Ein Novum im Freiamt geschaffen

  22.07.2022 Muri

Sommerserie «Zeitgeschichte»: Das erste Freiämter Open Air fand in Muri statt

Das später unter dem Namen Guggibad Muri bekannte Open Air war eines der ersten Musikfestivals im Freiamt. 41 Jahre ist das nun her. Paul Huwiler sowie Monika und Rolf Küng gehören zu den OK-Mitgliedern der ersten Stunde. Sie erinnern sich an diese Zeit zurück.

Sabrina Salm

«Unser Ziel war es, mit dem Festival einen Denkanstoss zu geben für mehr Toleranz gegenüber Musik und Kultur der Jugendlichen, als Denkanstoss für bessere Begegnungsplätze und für geeignete Konzerträume», schrieb damals der Verein für Open-Air-Festival Muri im Jahr 1981 nach dem ersten, sehr gelungenen Open Air. Stattgefunden hat es am 20. Juni in der Arena beim Schulhaus Bachmatten. «Es herrschte in den frühen 80er-Jahren eine Aufbruchsstimmung», beschreibt der damalige Vereinspräsident Rolf Küng die Situation. «Kulturell lief im Freiamt nicht sehr viel für die Jugendlichen und die jungen Erwachsenen.» Deshalb sollte das 1. Freiämter Open Air ein Fest für die Jungen werden. «Da haben wir den Nagel auf den Kopf getroffen, denn es kamen sehr viele Leute.» Es war ein grosses Fest. Etwas Neues. Tanzen und fröhlich sein lautete die Devise.

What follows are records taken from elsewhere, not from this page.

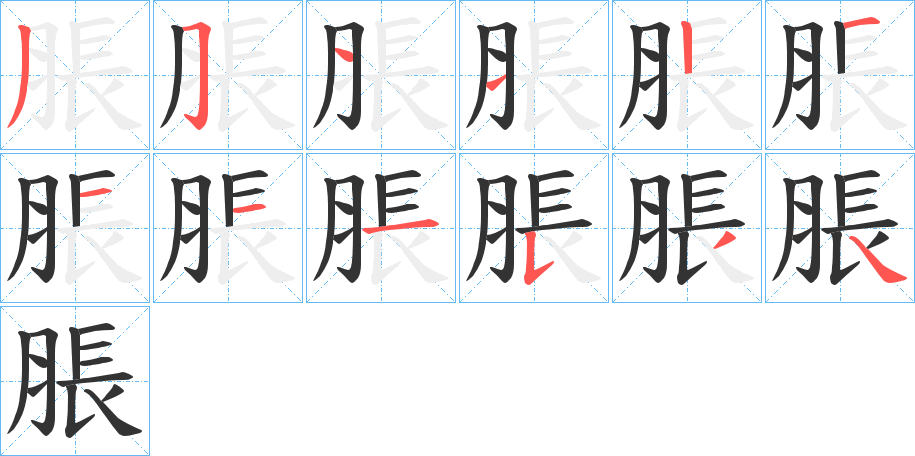 脹字筆畫(huà)寫(xiě)法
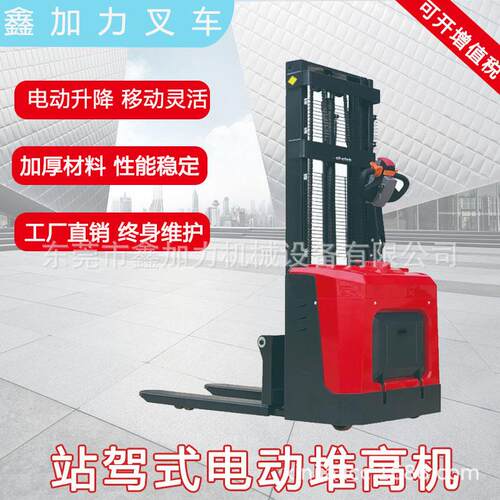 站驾式电动堆机2T全电动堆机东莞电动堆机电动堆叉车升降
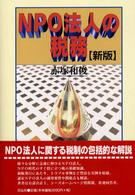 NPO法人の税務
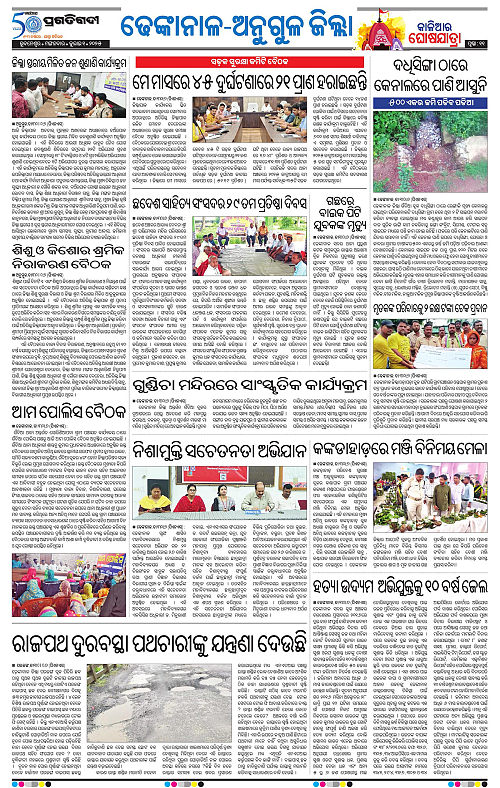 Balasore-Keonjhar-01-07-2025-11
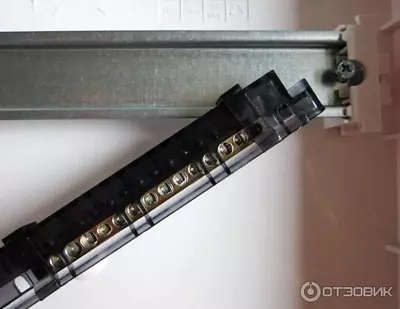 Распределительный щит CVK 40-12 Текфор IP41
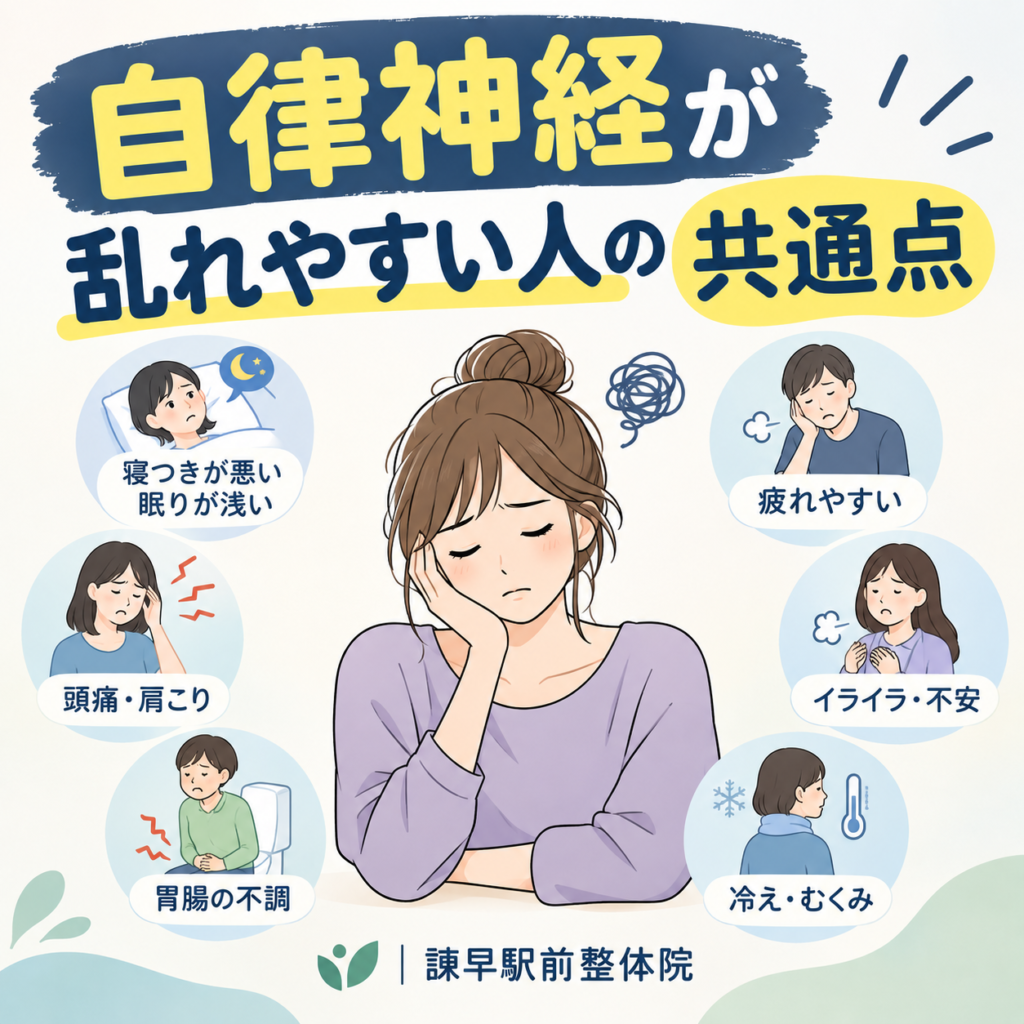 自律神経が乱れやすい人の共通点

Eines der ersten Open Airs in der Schweiz

«Für mich gab es viele Highlights», erzählt Rolf Küngs Frau Monika. «Das ganze Drum und Dran eigentlich. Klar haben wir einen Chrampf gehabt, aber es war ein guter Chrampf. Wir haben das Fest ja auch für uns gemacht», sagt die ehemalige Grossrätin lächelnd. Das Musikfestival war nicht nur das erste Open Air im Freiamt, sondern gehörte auch zu den frühen Open Airs in der Schweiz. «Wir selber waren zuvor noch nie an einem Open Air», gesteht Rolf Küng. So war für sie alles Learning by Doing.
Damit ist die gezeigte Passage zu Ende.